Manifold House / Matt Fajkus Architecture
Text description provided by the architects. Manifold House is a straightforward gable form sliced open to create a series of unique spatial experiences that capitalize on the varied relationships between the building, the user, and the natural site context. Marrying a three-story program with a hilltop site, the home is partially embedded into its hilltop site connecting to the sky and surrounding vistas by building up.
The design seeks to reinterpret the farmhouse typology by combining its core elements with the functional relationships, multilayered spaces, and site sensitivity that characterize a modern home. The typological elements include a simple gable form with repeated regular openings and a central entry and stair while volumetric carving into the gable form and united multi-story openings connect the building and its occupants with the landscape. On the interior, these carved volumetric elements and their consolidated glazing open up to the site through curated views to the immediate surroundings and trees, as well as the lake in the distance.
The entry of the house serves as a manifold, a single intake position from which the flows of daily work and life are distributed. After crossing a short bridge and entering the home, the visitor is aware of their elevated position with respect to the surrounding landscape as well as within the home. From this point, one can move upstairs through a light-filled stairwell to the private spaces of the home, laterally to the home office, or descend to the main kitchen, living and dining spaces which are set partially below grade.

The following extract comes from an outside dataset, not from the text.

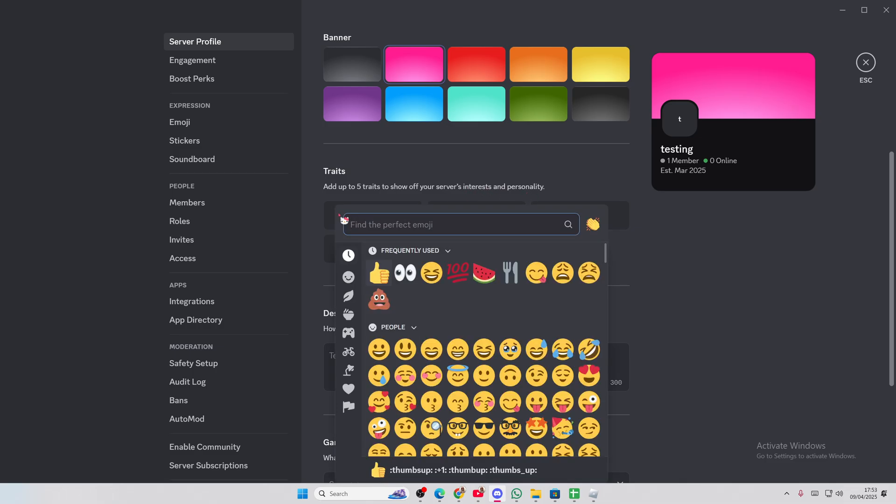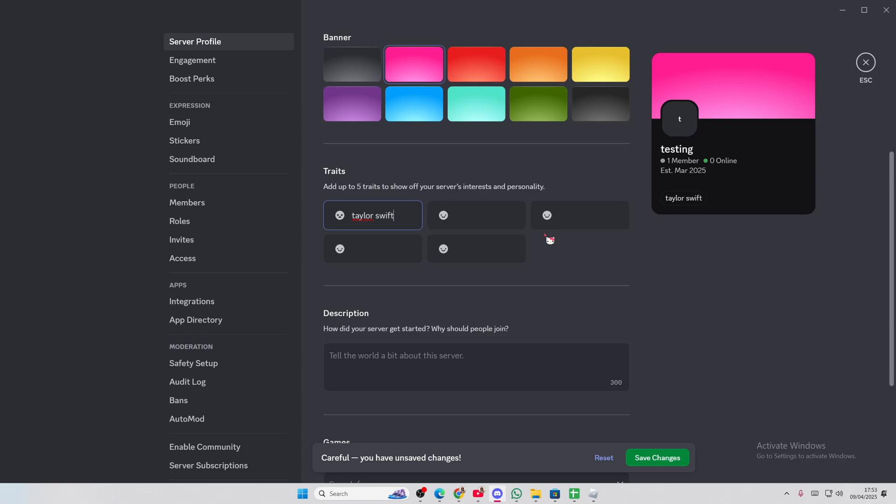So here, you kind of have to type what it is. I'm just going to type in, for instance, Taylor Swift. This is going to show up when people are looking for servers. And then I'll do Sabrina Carpenter.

The play between the seamless shell and modern insertions stemmed from balancing the inward-focused lifestyle of the owner with the outward nature of a hilltop site in both overall forms as well as an interior experience. On the exterior, the form of the house is articulated with a rusticated stone base that interacts with land and creates a base upon which an elevated stucco volume sits. The walls of the stucco volume are thickened and carved in to provide shade in combination with the site’s preserved trees. However, on the interior, connections to the site and nature are created through intentionally inward and intimate moments.
The kitchen and dining space is submerged into the hilltop but separated from the site’s main retaining wall to create a pocket for light to spill in from above. The dining area is a built-in nook at the center of the house but visually connected to the outdoor courtyard created by the retaining wall which tucks the house into the hilltop and is further sheltered by the entry bridge above.
The stairwell occupies one of the areas of united multi-story glazing, however, views are scaled to the human body through smaller windows banked together. On the uppermost story of the house, the skylights that illuminate the bedroom corridor are tucked into deep recesses, tempering daylight and providing a sense of shelter despite the elevated location within the house and exposed nature of the hilltop site.